Bug 1608625

Summary: Number of NVMe disks attachable is lower than max predefined count for EBS
Product: OpenShift Container Platform Reporter: Hemant Kumar <hekumar>
Component: StorageAssignee: Hemant Kumar <hekumar>
Status: CLOSED ERRATA QA Contact: Chao Yang <chaoyang>
Severity: high Docs Contact:
Priority: unspecified    
Version: 3.10.0CC: aos-bugs, aos-storage-staff, apaladug, bbennett, bchilds, chaoyang, hekumar
Target Milestone: ---Keywords: NeedsTestCase
Target Release: 3.10.z   
Hardware: Unspecified   
OS: Unspecified   
Whiteboard:
Fixed In Version: Doc Type: If docs needed, set a value
Doc Text:
Story Points: ---
Clone Of: 1602054 Environment:
Last Closed: 2018-09-22 04:55:14 UTC Type: Bug
Regression: --- Mount Type: ---
Documentation: --- CRM:
Verified Versions: Category: ---
oVirt Team: --- RHEL 7.3 requirements from Atomic Host:
Cloudforms Team: --- Target Upstream Version:
Embargoed:
Bug Depends On: 1602054, 1608626    
Bug Blocks:    

Description Hemant Kumar 2018-07-26 01:15:28 UTC
+++ This bug was initially created as a clone of Bug #1602054 +++

Description of problem:

Version-Release number of selected component (if applicable):

How reproducible:

Every time.


Steps to Reproduce:
1. Set up an AWS M5 node
2. Attach more than 27 EBS volumes to pods

Actual results:

The attaches fail.

Expected results:

Success.

Additional info:

See: https://github.com/kubernetes/kubernetes/issues/59015

Fixed in Kube 1.11 by: https://github.com/kubernetes/kubernetes/pull/64154

--- Additional comment from Hemant Kumar on 2018-07-17 14:38:40 EDT ---

It may be possible to fix this

--- Additional comment from Hemant Kumar on 2018-07-17 15:18:09 EDT ---

Sorry my comment got submitted before I can finish typing. It is probably possible to fix this without needing volume limit feature in 3.9. It is not super clean I think but EC2 instance type is available as label in node Object and hence scheduler can potentially look at that label and deduce volume attach limit from it rather than going on with hardcoded values.

I will try and open a PR for it.

--- Additional comment from Hemant Kumar on 2018-07-19 15:38:03 EDT ---

upstream PR - https://github.com/kubernetes/kubernetes/pull/66397

Comment 2 Hemant Kumar 2018-08-21 14:34:09 UTC
PR for origin - https://github.com/openshift/origin/pull/20608

Comment 4 Chao Yang 2018-09-12 05:12:13 UTC
Passed on 
openshift v3.10.45
kubernetes v1.10.0+b81c8f8

Create 27 dynamic pvc and pods, only 25 pods are running. 

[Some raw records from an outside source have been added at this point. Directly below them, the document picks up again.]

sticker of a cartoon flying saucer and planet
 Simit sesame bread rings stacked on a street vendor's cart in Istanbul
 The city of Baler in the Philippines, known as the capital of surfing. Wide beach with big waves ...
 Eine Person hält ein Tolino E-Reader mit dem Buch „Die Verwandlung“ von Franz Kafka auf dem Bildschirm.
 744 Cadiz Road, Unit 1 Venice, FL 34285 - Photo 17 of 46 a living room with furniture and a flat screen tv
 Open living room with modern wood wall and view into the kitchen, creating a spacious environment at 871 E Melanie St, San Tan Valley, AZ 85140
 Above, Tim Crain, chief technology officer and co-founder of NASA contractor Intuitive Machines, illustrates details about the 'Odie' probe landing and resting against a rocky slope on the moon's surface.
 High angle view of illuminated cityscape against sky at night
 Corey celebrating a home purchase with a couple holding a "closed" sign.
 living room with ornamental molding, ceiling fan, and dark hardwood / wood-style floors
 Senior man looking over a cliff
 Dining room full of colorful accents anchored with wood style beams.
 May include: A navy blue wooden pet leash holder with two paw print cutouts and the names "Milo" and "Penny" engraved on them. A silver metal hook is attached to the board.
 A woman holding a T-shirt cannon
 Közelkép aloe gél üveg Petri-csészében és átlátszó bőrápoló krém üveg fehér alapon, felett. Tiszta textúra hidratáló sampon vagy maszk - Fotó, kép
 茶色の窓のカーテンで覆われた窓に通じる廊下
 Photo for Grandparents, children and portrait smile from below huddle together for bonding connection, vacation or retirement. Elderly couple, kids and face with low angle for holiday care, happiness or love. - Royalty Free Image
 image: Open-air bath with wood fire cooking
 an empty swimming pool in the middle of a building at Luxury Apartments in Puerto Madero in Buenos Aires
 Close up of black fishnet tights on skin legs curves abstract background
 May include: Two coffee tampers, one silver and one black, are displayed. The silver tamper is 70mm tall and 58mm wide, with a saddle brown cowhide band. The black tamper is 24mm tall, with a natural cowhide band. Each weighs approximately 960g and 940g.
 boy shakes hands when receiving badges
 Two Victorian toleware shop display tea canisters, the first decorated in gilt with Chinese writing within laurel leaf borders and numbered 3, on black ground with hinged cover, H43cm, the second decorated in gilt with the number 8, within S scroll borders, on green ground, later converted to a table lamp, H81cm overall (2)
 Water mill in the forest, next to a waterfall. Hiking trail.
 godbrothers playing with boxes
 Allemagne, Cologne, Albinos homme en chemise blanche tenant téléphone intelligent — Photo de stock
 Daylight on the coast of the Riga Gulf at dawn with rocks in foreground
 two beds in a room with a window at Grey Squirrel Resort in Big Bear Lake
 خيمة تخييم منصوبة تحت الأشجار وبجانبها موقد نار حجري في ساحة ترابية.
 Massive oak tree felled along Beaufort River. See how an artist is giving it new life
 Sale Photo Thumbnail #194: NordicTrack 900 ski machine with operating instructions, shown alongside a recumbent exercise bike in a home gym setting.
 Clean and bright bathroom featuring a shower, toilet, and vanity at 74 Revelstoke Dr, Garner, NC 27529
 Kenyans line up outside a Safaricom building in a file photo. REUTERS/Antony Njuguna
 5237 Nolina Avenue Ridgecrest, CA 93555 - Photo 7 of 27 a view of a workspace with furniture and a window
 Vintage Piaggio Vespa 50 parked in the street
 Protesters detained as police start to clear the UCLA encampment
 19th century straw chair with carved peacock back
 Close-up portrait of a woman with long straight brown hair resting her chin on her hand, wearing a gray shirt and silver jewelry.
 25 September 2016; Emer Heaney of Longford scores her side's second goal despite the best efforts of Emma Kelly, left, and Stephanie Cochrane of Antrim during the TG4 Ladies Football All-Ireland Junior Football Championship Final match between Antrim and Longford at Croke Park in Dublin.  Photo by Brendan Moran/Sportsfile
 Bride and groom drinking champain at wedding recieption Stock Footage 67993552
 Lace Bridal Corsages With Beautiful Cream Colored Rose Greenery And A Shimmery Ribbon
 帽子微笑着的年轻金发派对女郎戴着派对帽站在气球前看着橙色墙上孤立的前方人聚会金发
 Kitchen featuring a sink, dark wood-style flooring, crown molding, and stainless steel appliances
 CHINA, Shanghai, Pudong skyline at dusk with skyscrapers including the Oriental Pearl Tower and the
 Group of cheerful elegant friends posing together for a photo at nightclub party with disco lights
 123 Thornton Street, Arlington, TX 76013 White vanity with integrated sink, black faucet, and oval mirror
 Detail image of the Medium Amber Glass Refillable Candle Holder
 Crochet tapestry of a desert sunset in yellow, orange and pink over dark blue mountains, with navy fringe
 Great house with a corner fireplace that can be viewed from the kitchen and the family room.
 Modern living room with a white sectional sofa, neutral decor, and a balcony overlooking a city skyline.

[root@ip-172-18-9-136 test]# oc describe pods mypod26
Name:         mypod26
Namespace:    test
Node:         <none>
Labels:       name=frontendhttp
Annotations:  openshift.io/scc=anyuid
Status:       Pending
IP:           
Containers:
  myfrontend:
    Image:        aosqe/hello-openshift
    Port:         80/TCP
    Host Port:    0/TCP
    Environment:  <none>
    Mounts:
      /tmp from aws (rw)
      /var/run/secrets/kubernetes.io/serviceaccount from default-token-mqv98 (ro)
Conditions:
  Type           Status
  PodScheduled   False 
Volumes:
  aws:
    Type:       PersistentVolumeClaim (a reference to a PersistentVolumeClaim in the same namespace)
    ClaimName:  ebs26
    ReadOnly:   false
  default-token-mqv98:
    Type:        Secret (a volume populated by a Secret)
    SecretName:  default-token-mqv98
    Optional:    false
QoS Class:       BestEffort
Node-Selectors:  node-role.kubernetes.io/compute=true
Tolerations:     <none>
Events:
  Type     Reason            Age                From               Message
  ----     ------            ----               ----               -------
  Warning  FailedScheduling  26s (x26 over 6m)  default-scheduler  0/3 nodes are available: 1 node(s) exceed max volume count, 2 node(s) didn't match node selector.

Comment 6 errata-xmlrpc 2018-09-22 04:55:14 UTC
Since the problem described in this bug report should be
resolved in a recent advisory, it has been closed with a
resolution of ERRATA.

For information on the advisory, and where to find the updated
files, follow the link below.

If the solution does not work for you, open a new bug report.

https://access.redhat.com/errata/RHBA-2018:2660

Comment 7 Anand Paladugu 2020-06-24 02:26:51 UTC
@Hemant

I have an OCP 3.11 customer-facing this issue.  He is now running some pods with NVME type volumes and it looks like OCP is still treating the attachment limit as 39 and is failing to attach volumes and hence deployments are failing.

1. Are these changes in OCP 3.10 available in OCP 3.11?
2. Are the changes only valid for M5 nodes?

From the code changes, I see that a new default limit is added for M5 nodes.  My customer is running R5 and R4 instances in AWS.

Thanks

Anand

Comment 8 Hemant Kumar 2020-06-24 21:59:18 UTC
Yes in 3.11 out of box - new default limit of 25 were only added for M5 and C5 node types. All other node types including R5 and R4 still use instance limit of 39 and hence can have failing deployments. Customer could define `KUBE_MAX_PD_VOLS` environment variable in scheduler and set it to 25 which would globally change maximum attach limit for all nodes types to 25. Please let me know if that workaround works for the customer.